Data for this exercise:
· · · · · · ·

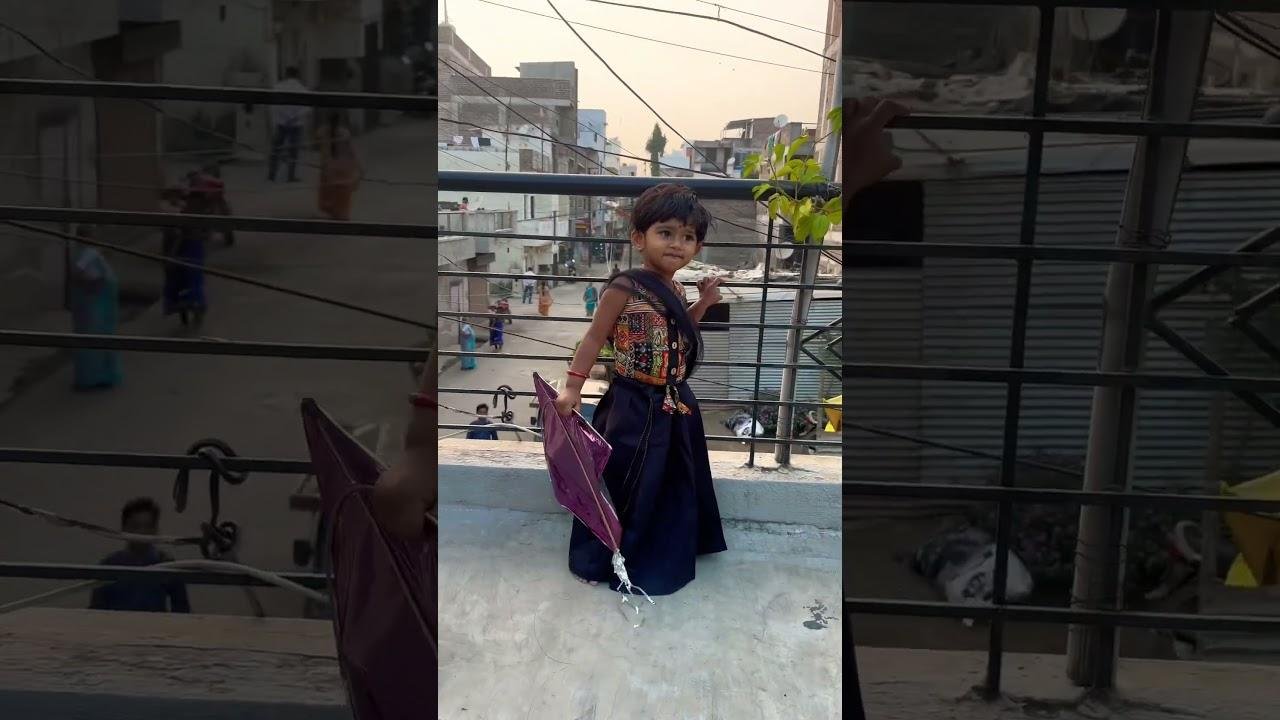 sharvi kite udavat aahe #kite #shortsfeed #kaathumelasong #viralvideo #kiteflying #sankranti #cute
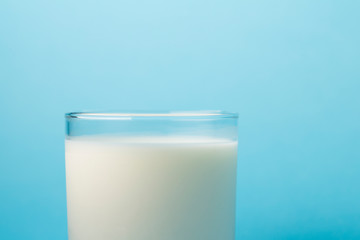  Glass milk on a blue background. source of calcium .Protein rich dairy product. healthy lifestyle concept .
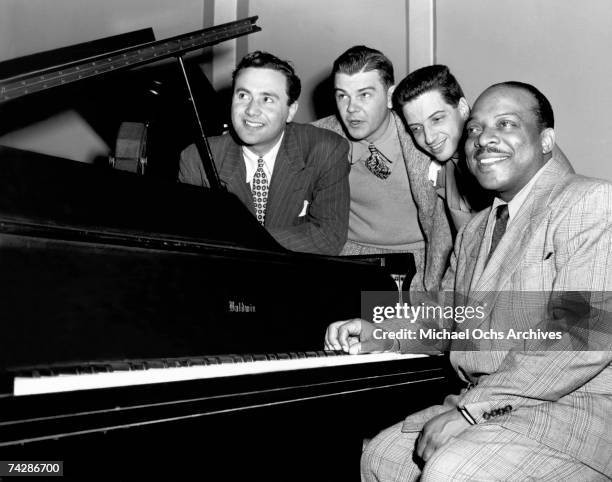 Big Band leader Count Basie sits at the Piano accompanied by DJ and record company owner Gene Norman an unidentified man and producer John Hammond on...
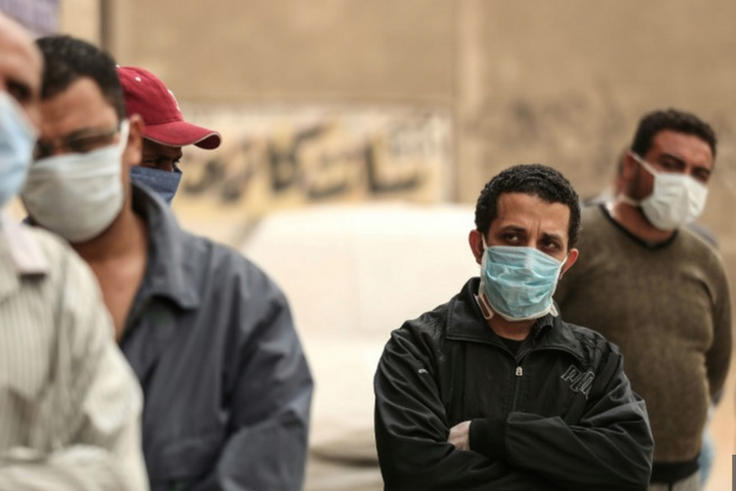 Des hommes égyptiens attendent devant une banque alimentaire, après que des restrictions de mouvement imposées pour lutter contre le coronavirus ont paralysé des moyens de subsistance déjà précaires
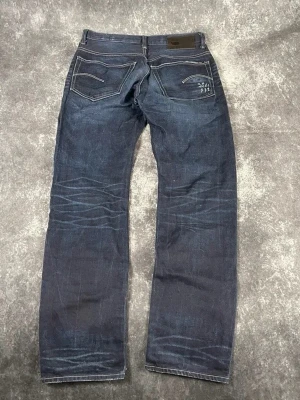 Mörkblå G-Star-jeans för herrar i storlek W32 L34 - Djup indigotvätt, lätt slitage och fint linjeformat slitage. Även lite distressing.  Skick: 9,5/10  Midja: 42 cm Benslut: 19 cm Lår: 31 cm Totallängd: 110 cm Måtten finns även på bilderna  Skickas inom ett dygn Spara på priset och frakten genom att sätta ihop ett paket! 5-118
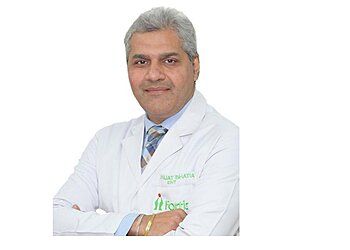 Photo of DR. RAJAT BHATIA, Cysts, Sebaceous Cyst Excision, Ear Reconstruction, Nasal and Sinus Allergy Care, Otoplasty, Hearing Deficiency Assessment, Surgery of The Facial Nerve, Surgery for Snoring, Head and Neck Tumor / Cancer Surgery, Laser Surgeries for Head and Neck Lesions, Ear Wax (Cerumen) Removal, Nasal Disorders, Nasal Endoscopy, Throat and Voice Problems &amp; Fracture Nasal Bone Correction in LUDHIANA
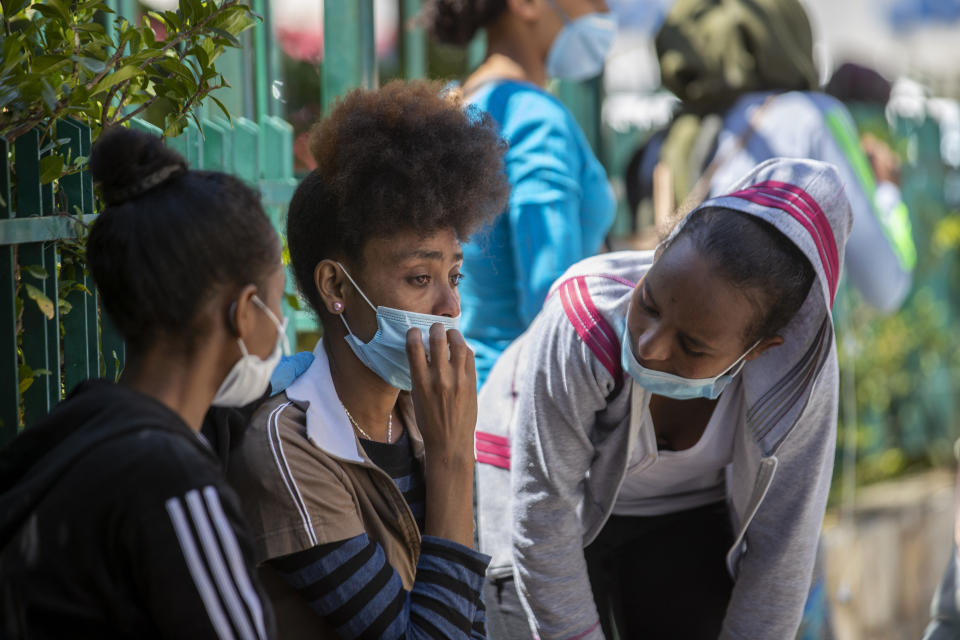 An Ethiopian domestic worker cries as she waits with dozens of others outside the Ethiopian consulate, some inquiring about flights home, others stranded after they were abandoned by employers who claimed they could no longer afford to pay their salaries, in Hazmieh, east of Beirut, Lebanon, Thursday, June 4, 2020. Some 180,000 domestic workers in Lebanon, most of them female from Ethiopia, are growing more desperate as a crippling economic and financial crisis sets in, coupled with coronavirus restrictions. (AP Photo/Hassan Ammar)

· · · · · · ·

Task requirements: The material above is to be output exactly, with each picture left out.

Written answer:
 sharvi kite udavat aahe #kite #shortsfeed #kaathumelasong #viralvideo #kiteflying #sankranti #cute
  Glass milk on a blue background. source of calcium .Protein rich dairy product. healthy lifestyle concept .
 Big Band leader Count Basie sits at the Piano accompanied by DJ and record company owner Gene Norman an unidentified man and producer John Hammond on...
 Des hommes égyptiens attendent devant une banque alimentaire, après que des restrictions de mouvement imposées pour lutter contre le coronavirus ont paralysé des moyens de subsistance déjà précaires
 Mörkblå G-Star-jeans för herrar i storlek W32 L34 - Djup indigotvätt, lätt slitage och fint linjeformat slitage. Även lite distressing.  Skick: 9,5/10  Midja: 42 cm Benslut: 19 cm Lår: 31 cm Totallängd: 110 cm Måtten finns även på bilderna  Skickas inom ett dygn Spara på priset och frakten genom att sätta ihop ett paket! 5-118
 Photo of DR. RAJAT BHATIA, Cysts, Sebaceous Cyst Excision, Ear Reconstruction, Nasal and Sinus Allergy Care, Otoplasty, Hearing Deficiency Assessment, Surgery of The Facial Nerve, Surgery for Snoring, Head and Neck Tumor / Cancer Surgery, Laser Surgeries for Head and Neck Lesions, Ear Wax (Cerumen) Removal, Nasal Disorders, Nasal Endoscopy, Throat and Voice Problems &amp; Fracture Nasal Bone Correction in LUDHIANA
 An Ethiopian domestic worker cries as she waits with dozens of others outside the Ethiopian consulate, some inquiring about flights home, others stranded after they were abandoned by employers who claimed they could no longer afford to pay their salaries, in Hazmieh, east of Beirut, Lebanon, Thursday, June 4, 2020. Some 180,000 domestic workers in Lebanon, most of them female from Ethiopia, are growing more desperate as a crippling economic and financial crisis sets in, coupled with coronavirus restrictions. (AP Photo/Hassan Ammar)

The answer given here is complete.